How do we know? Performing experiments would tell us. Let's say we have two restaurants in the same type of community with staff trained in the same manner. Say the restaurants have the same owner. Let's also say the restaurant has surveillance that records activity. Data can be gathered to determine the likelihood of "polluting" activities. This data can be analyzed statistically to determine cause and effect. One restaurant could impose a stricter policy, say 25% occupancy vs. another at 50% occupancy. If the data indicates the policy is being followed, the opportunity for pollution can be calculated to a reasonable degree of certainty. Guidelines and directives can therefore be more detailed and more effective, without completely shutting down entire sub-economies, like the restaurant industry.

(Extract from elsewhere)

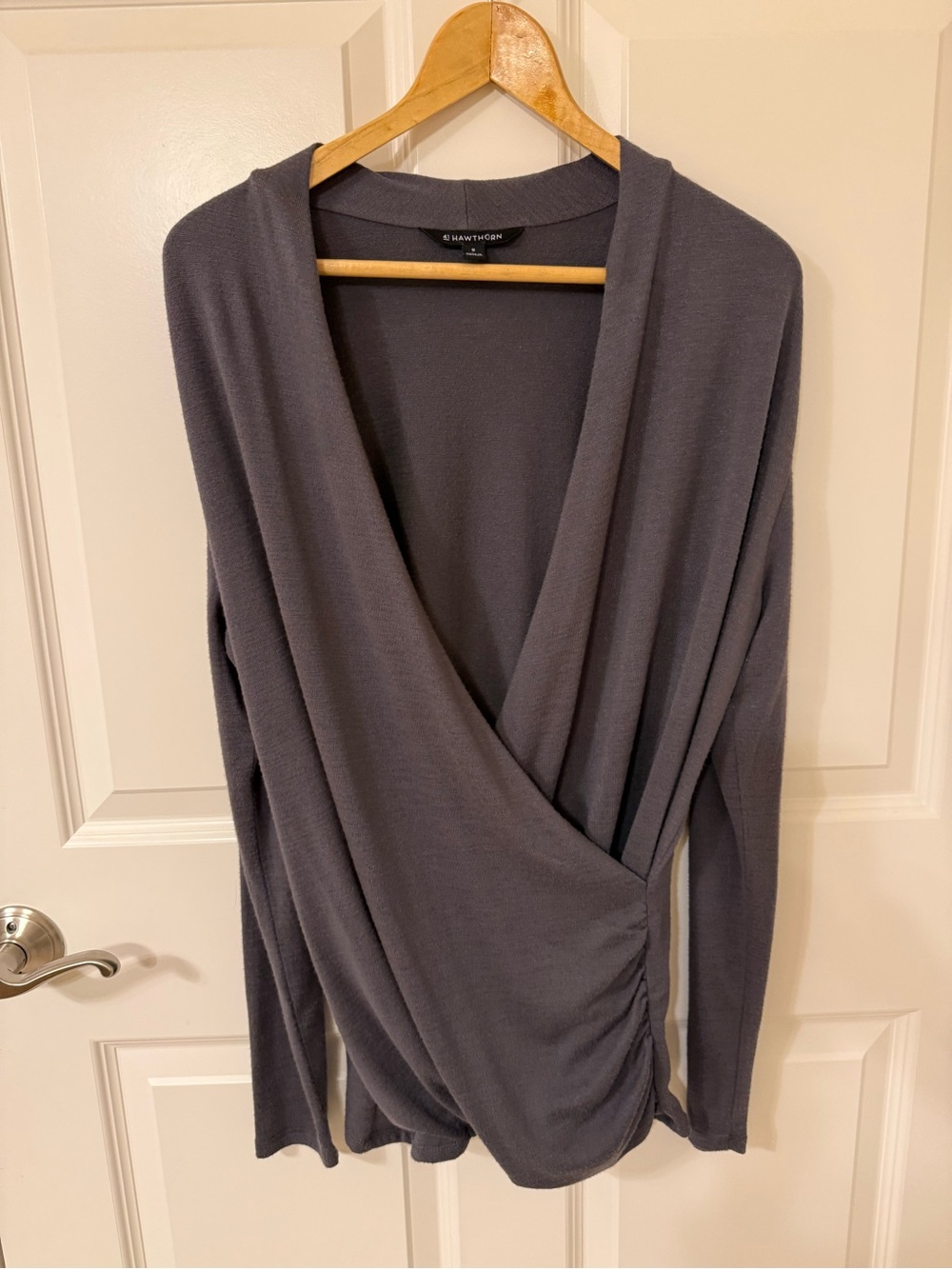 41 Hawthorn Charcoal Gray Wrap-Style Long Sleeve Top Sweater EUC Medium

OK, so maybe this is hard, but it is necessary. It will remain necessary until inoculations are ubiquitous enough to make the probability of infection too low for concern. Say 1 in a million infections per month across the US. This is possible. It took decades to eliminate polio and measles through inoculations (after development of an effective vaccine). But it took a couple of years to eradicate malaria in the area around the Panama Canal during construction. (A massive force killing mosquitoes was employed and breeding grounds were found and destroyed relentlessly.)
The notion that you can make statistics say whenever you want is only true for BAD statistics. Obtaining GOOD statistics is hard and distinguishing between GOOD and BAD statistics is also hard. So, yeah, you can make BAD statistics say whatever you want. However, to make a GOOD decision requires a GOOD statistical study with high probably from a trusted (i.e., tested/competent) source essential. If the study results in a probability of a specific cause having a specific effect that matches the conditions being controlled by a decision, the result is predicable. It is rarely possible to do this, therefore GOOD statistics are very hard to come by.
That being said, giving up on trying to get GOOD statistics as the basis of decisions MUST not be abandoned. If anything, more education on statistics is needed. We are tested periodically to determine if we have the skill to drive. Having a test for making decisions based on good statistics seems like a good idea, but unlikely to occur. A good leader will take the time to appreciate this skill and surround themselves with people who provide good statistics and detect when the conditions under which they are employed are valid. This requires the leader to listen before AND AFTER a policy is made and deployed. A good statistician will be vocal about the validity of the policy given what effect it actually has and bring new recommendations to the leader's attention. A good leader will change the policy and recognize that conditions in the real world may or may not be the same as those used to calculate the statistics. When conditions are not the same, better statistics must be calculated and policies adjusted. If done properly the matter will be resolved as quickly as possible.